By contrast, the roughly 18,000-word draft exceeds the original text by a factor of six. Where the original text shunned redundancy and imprecision, the draft embraces prolixity and the lax phrase: “truly democratic state of the whole people” (Preamble; patterned on Khrushchev’s vsenarodnoe gosudarstvo); “citizenship of the state of Latvia is a person’s political and legal link with the state of Latvia in time and space” (Article 3); “the state makes sure that old people can, as long as possible, remain full-fledged members of the society, lead an honorable and humanly dignified and independent life in their accustomed setting, take part in social and cultural life, receive information about services available to them, as well as have a dwelling and personal and health care corresponding to their needs and their and the state and local government resources” (Article 37); “the Cabinet of Ministers and the subordinated Ministry of Foreign Affairs realize foreign policy of the state, ensuring highly professional foreign policy that is versatilely balanced and directed toward realization of the national interests and external security of Latvia”(Article 137). For full flavor, the entire document – all 191 articles and all 83 pages – must be read.
If the overblown rhetoric lacing the draft can be cause for occasional merriment, the substance of the draft is no laughing matter. The document reeks of nostalgia for the unfulfilled fantasies of Soviet socialism. It occupies itself with the distribution of a national product yet to be created under the vigilant eye of an intrusive and rigid state.
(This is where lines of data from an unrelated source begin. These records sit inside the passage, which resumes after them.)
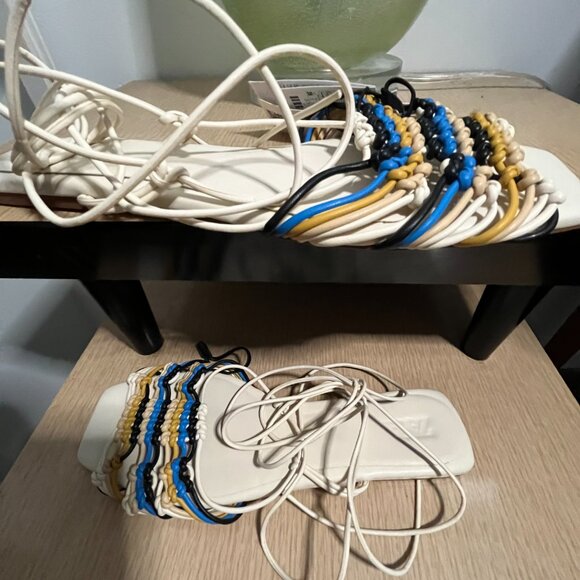 BNWT ZARA Zara Crochet Square Toe Lace-Up Sandals Flat in blue / yellow (8) EU39 - Picture 3 of 5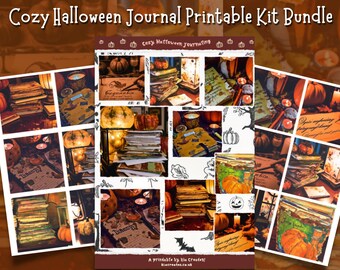 Cozy Journaling Printable Bundle | Junk Journal Printable Ephemera Kit for Halloween Journal | Digital Junk Journal Download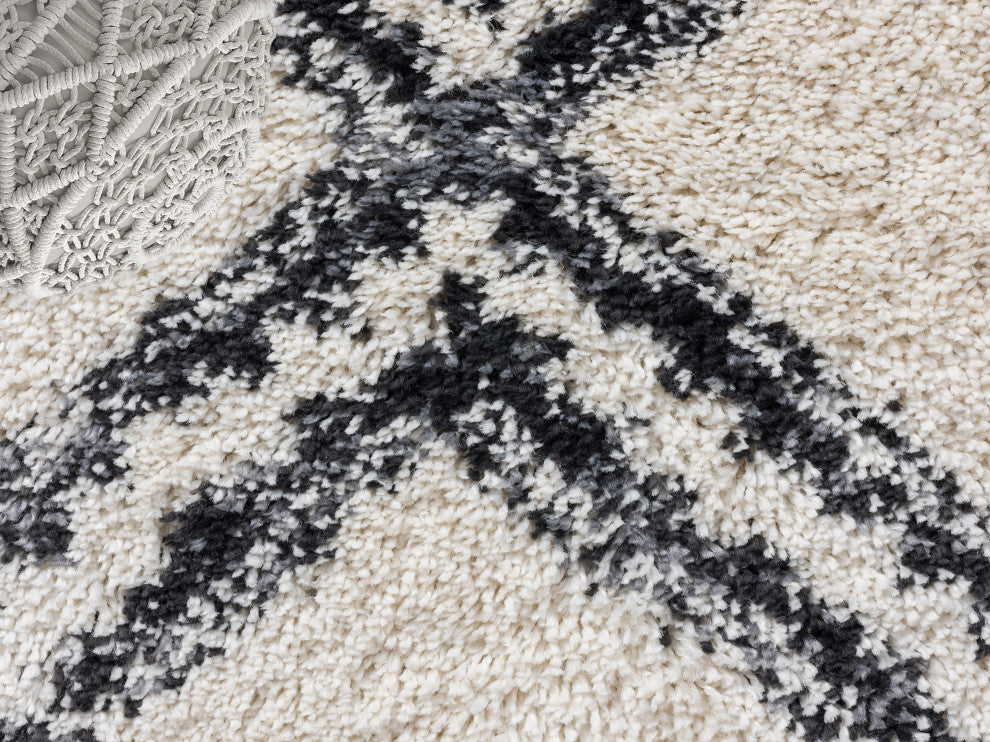 Abani Willow WIL150A Moroccan Cream Shag Rug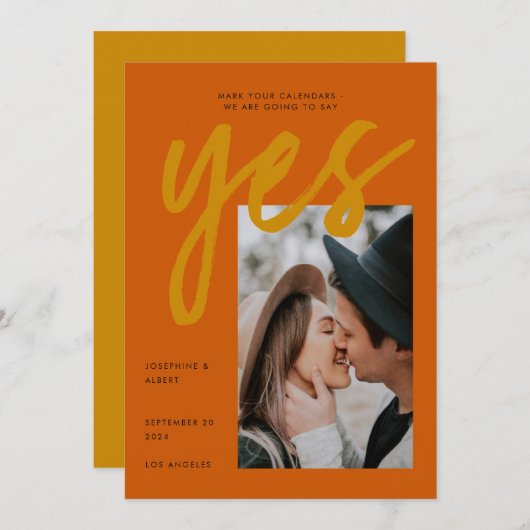 Bold Burnt Orange Ochre Big Script Foto Wedding Save The Date (Vorne/Hinten)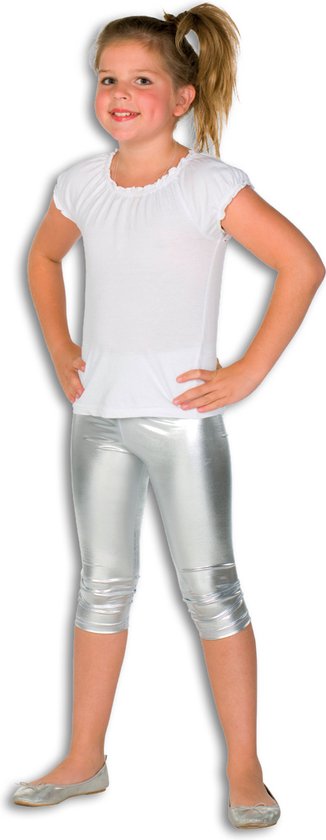 Wilbers & Wilbers - Glitter & Glamour Kostuum - Zilveren Glitter Legging Disco Koningin Meisje - zilver - Maat 152 - Carnavalskleding - Verkleedkleding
Constitutional protection of property rights, free entry into occupations, trades and business, and the freedom and security of contract, combined with an independent judiciary, is a proven way of encouraging investment in and growth of productive activities. As a capital-starved country, Latvia is heavily dependent on international investment. Reliable international investors expect the host country constitutionally committed to the prerequisites of a market economy and a stable and sound legal environment. To be effective, the commitment must be unclouded by circumlocution. This is especially true when the host is a post-socialist economy. While no right or freedom can be absolute, vague qualifications or reservations and textual inconsistencies are apt to repel investors and stifle enterprise.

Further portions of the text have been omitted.